Presidente não poderia legalizar aborto e fechar igrejas por conta própria
A possibilidade de um candidato, se eleito, legalizar o aborto e fechar igrejas foi amplamente divulgada durante a campanha à Presidência do Brasil. Mas a verdade é que mesmo se o presidente quisesse liberar a prática não conseguiria. Seria necessária uma mudança na legislação para flexibilizar as leis atuais, e isso não depende somente do presidente.
Uma alteração na lei teria que vir do poder Legislativo, ou seja, da Câmara dos Deputados e do Senado, ou do Judiciário, com uma decisão do STF (Supremo Tribunal Federal).
Outra informação mentirosa que circula nas redes sociais é a de que o candidato do PT, o ex-presidente Luiz Inácio Lula da Silv, "se eleito em 2023, fechará igrejas e prenderá padres e pastores".

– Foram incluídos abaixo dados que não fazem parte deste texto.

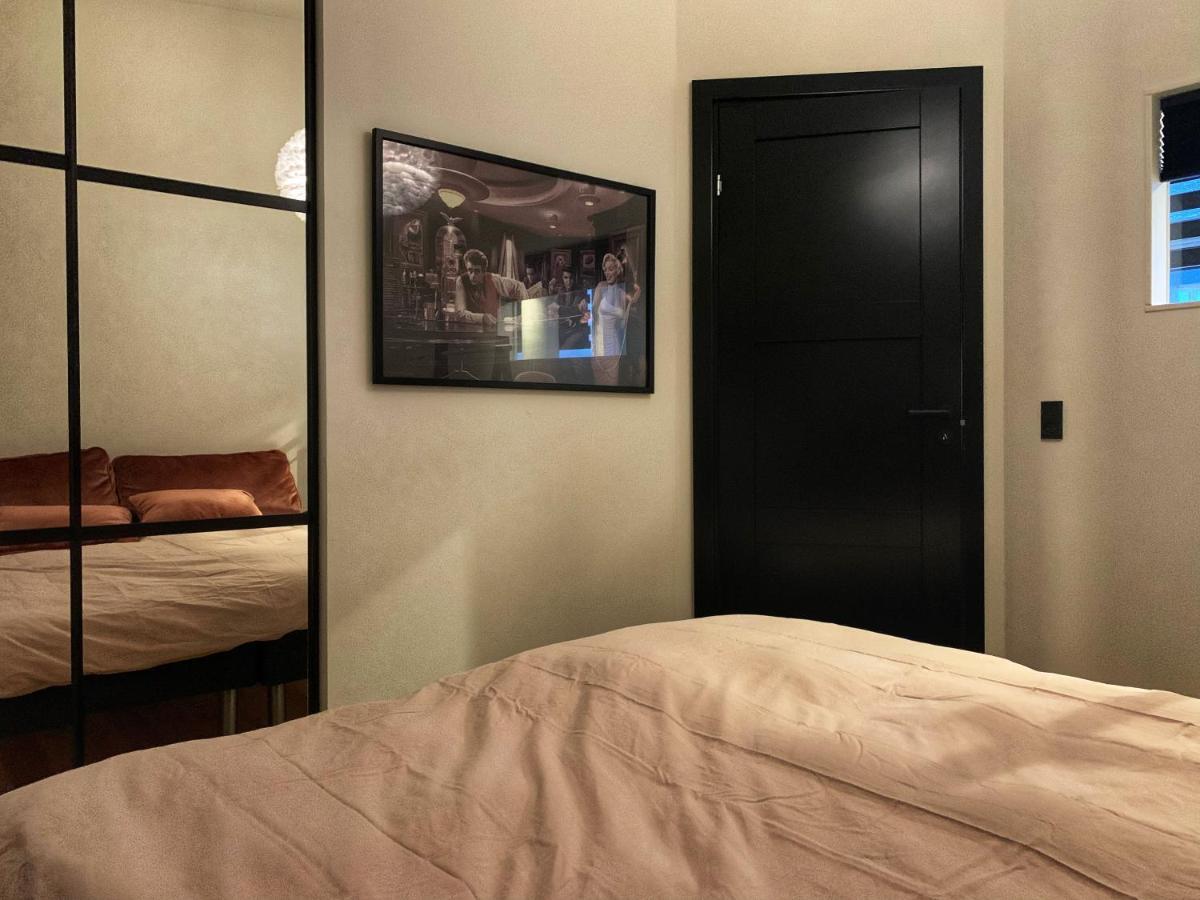 Broncks Apartment 5 - Modern 2-Bedroom In The Heart Of Torshavn Exterior photo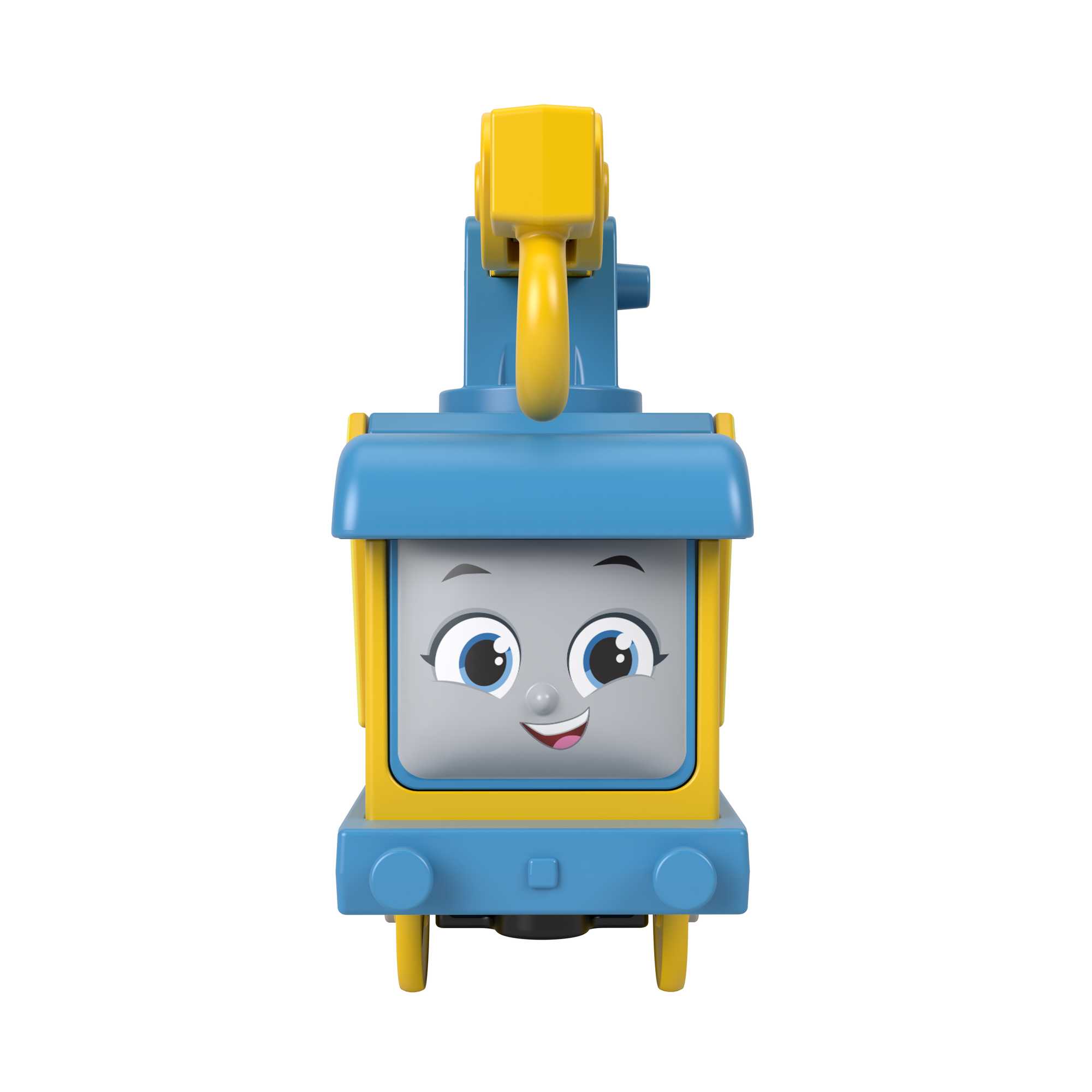 Thomas & Friends Tren de Juguete Carly Motorizado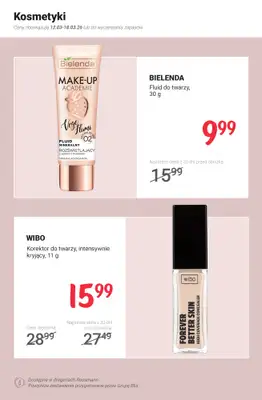 Rossmann - gazetka promocyjna MEGA promocje z nowej gazetki od czwartku 12.03 do środy 18.03 - strona 3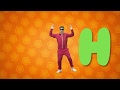 Alphabet Dance A Funny Version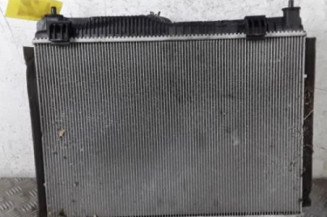 Radiateur eau FORD FIESTA 7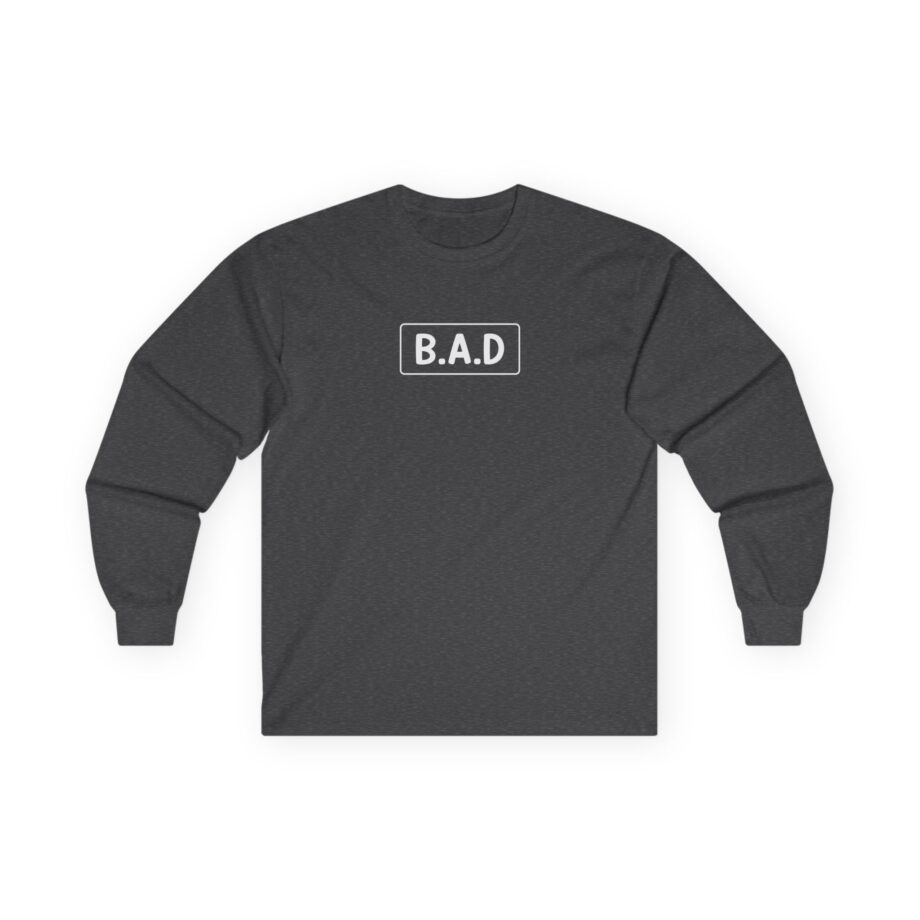 Bryson Dechambeau Unisex Ultra Cotton Long Sleeve Tee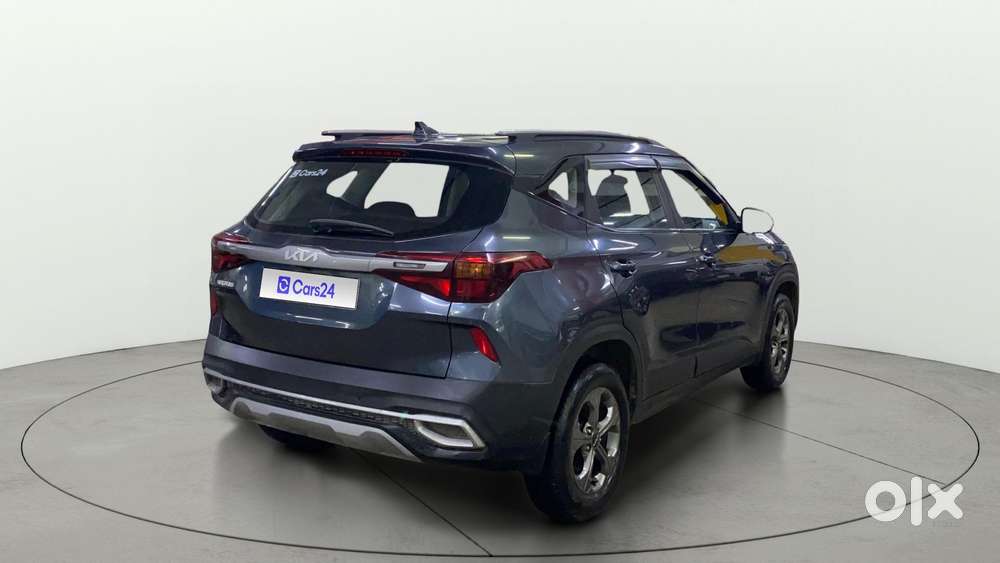 Kia Seltos Htk Plus G, 2022, Petrol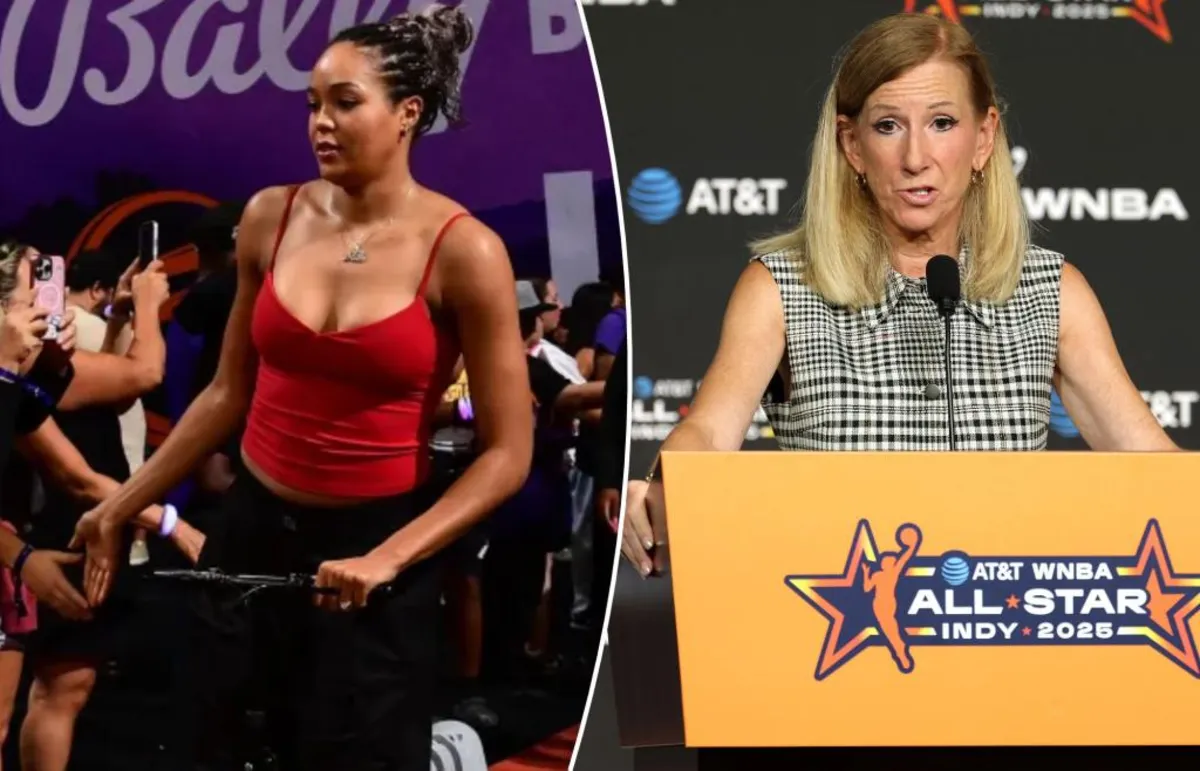 Napheesa Collier Blasts WNBA Leadership: A Call for Accountability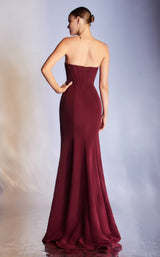 Cinderella Divine CD223 Burgundy
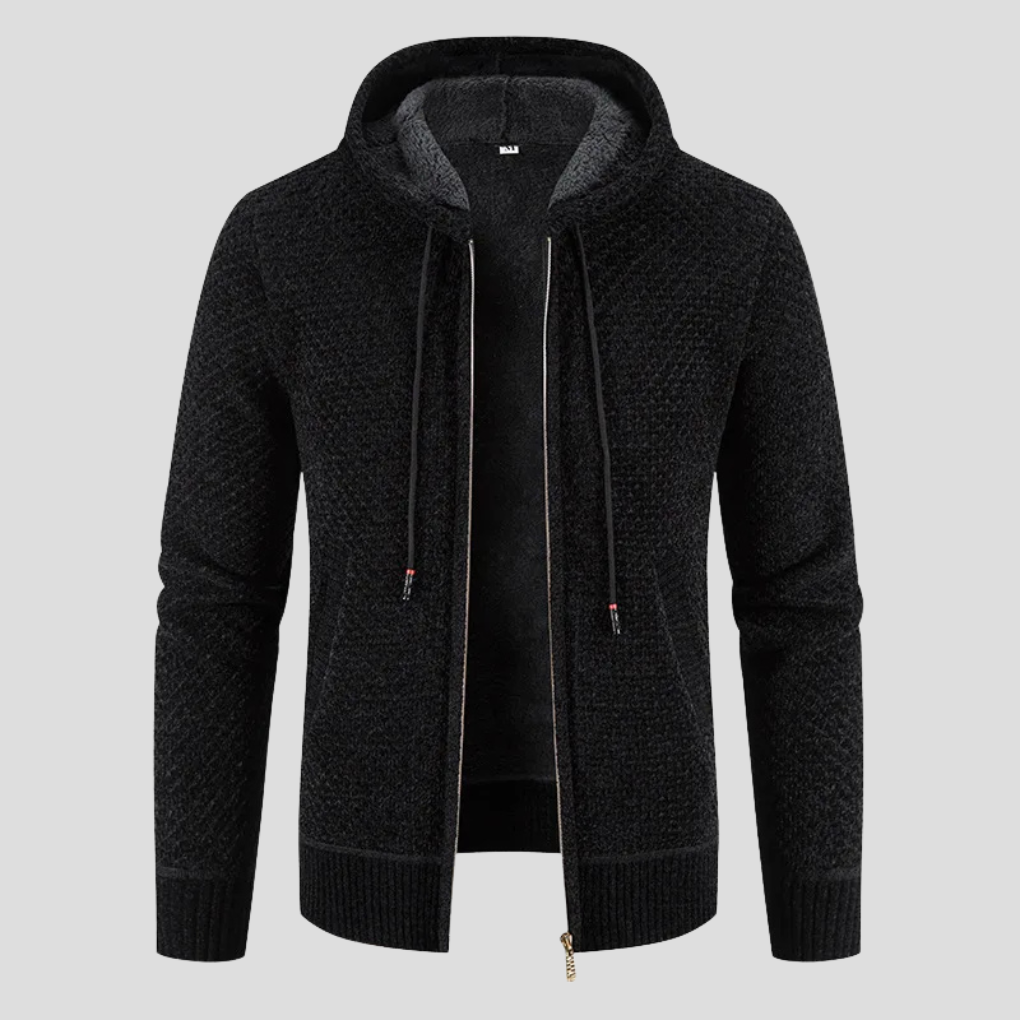 Men’s Cardigan Sweater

Além de Lula já ter afirmado ser católico e pessoalmente contra o aborto, embora entenda existe uma questão de saúde pública e direito à escolha da mulher, o ministro Paulo de Tarso Sanseverino, do TSE (Tribunal Superior Eleitoral), ordenou no dia 4 de outubro que 31 postagens com afirmações do tipo fossem apagadas por serem mentirosas ou difamatórias.
Os posts foram publicados nos perfis do senador Flávio Bolsonaro, do deputado eleito Mário Frias e de Filipe Martins, assessor de Assuntos Internacionais da Presidência.
O UOL Confere ainda desmentiu que prints supostamente publicados por Lula no Twitter afirmavam que, se eleito, fecharia e prenderia padres e pastores que se recusarem a casar pessoas LGBTQIA+.
No perfil oficial de Lula no Twitter —imitado pela postagem falsa—, não há nenhuma postagem no dia 4 de outubro sobre o fechamento de igrejas ou cassação de padres e pastores. Também não há nada em seu Projeto de Governo que se assemelhe à acusação. A assessoria do candidato disse que o candidato "jamais fez essas afirmações".
Mas o presidente pode fechar igrejas?
Thiago Rafael Vieira, presidente do IBDR (Instituto Brasileiro de Direito e Religião), e Jean Regina, 2º vice-presidente do IBDR, explicam que o Estado pode "fechar" um templo de qualquer culto por algumas razões específicas, que nada têm a ver com intolerância religiosa.
Isso pode ser feito quando o local do templo em si enfrenta sanções administrativas ou decisões judiciais que inviabilizam o funcionamento da organização religiosa. Por exemplo, quando há risco de desabamento.
"Fora disso, é ilegal e inconstitucional fechar uma igreja e, inclusive, exigir alvará. O alvará se exige de empresa e associações, nunca de uma organização religiosa", explica o presidente do Instituto Brasileiro de Direito e Religião.
Não há espaço nem para o presidente da República ir contra qualquer religião, porque as liberdades de crença (consciência, crença ou fé espiritual individual) e religiosa (expressão, organização e culto individual ou coletivo, assistência e ensino religioso e objeção de consciência religiosa) estão previstas na Constituição Federal.
Além disso, não existe um dispositivo específico que condicione o comportamento de organização religiosa sob pena de fechamento.
Isso vai contra a ideia de laicidade colaborativa brasileira, presente no art. 19 da Constituição, que impede o Estado "embaraçar o funcionamento" da fé religiosa, seja privado ou coletivo, organizado ou não, personalizado ou não.
No Brasil, existem o que os especialistas chamam de leis esparsas que ajudam a concretizar as garantias constitucionais, porém não há uma lei nacional sobre o tema. Em São Paulo, há a lei nº 17.346/2021.
Qual foi a lei que Lula sancionou, então?
Em 22 de dezembro de 2003, enquanto era presidente, Lula sancionou a lei nº 10.825, que define as organizações religiosas e os partidos políticos como pessoas jurídicas de direito privado — e garante liberdade para que igrejas sejam criadas.
"São livres a criação, a organização, a estruturação interna e o funcionamento das organizações religiosas, sendo vedado ao poder público negar-lhes reconhecimento ou registro dos atos constitutivos e necessários ao seu funcionamento", diz o texto.
Penalidades e como denunciar
O desrespeito religioso é considerado crime no país e equipara o preconceito ou a discriminação religiosa ao racismo.
Vieira e Regina reforçam que esse é o mesmo artigo que hoje penaliza a discriminação de orientação sexual ou identidade de gênero. A pena, nesse caso, é a reclusão de um a três anos e multa.
A discriminação deve ser combatida, denunciada e punida.
O Ministério da Mulher, Família e Direitos Humanos possui o canal Disque 100 para atender denúncias de casos de discriminação religiosa.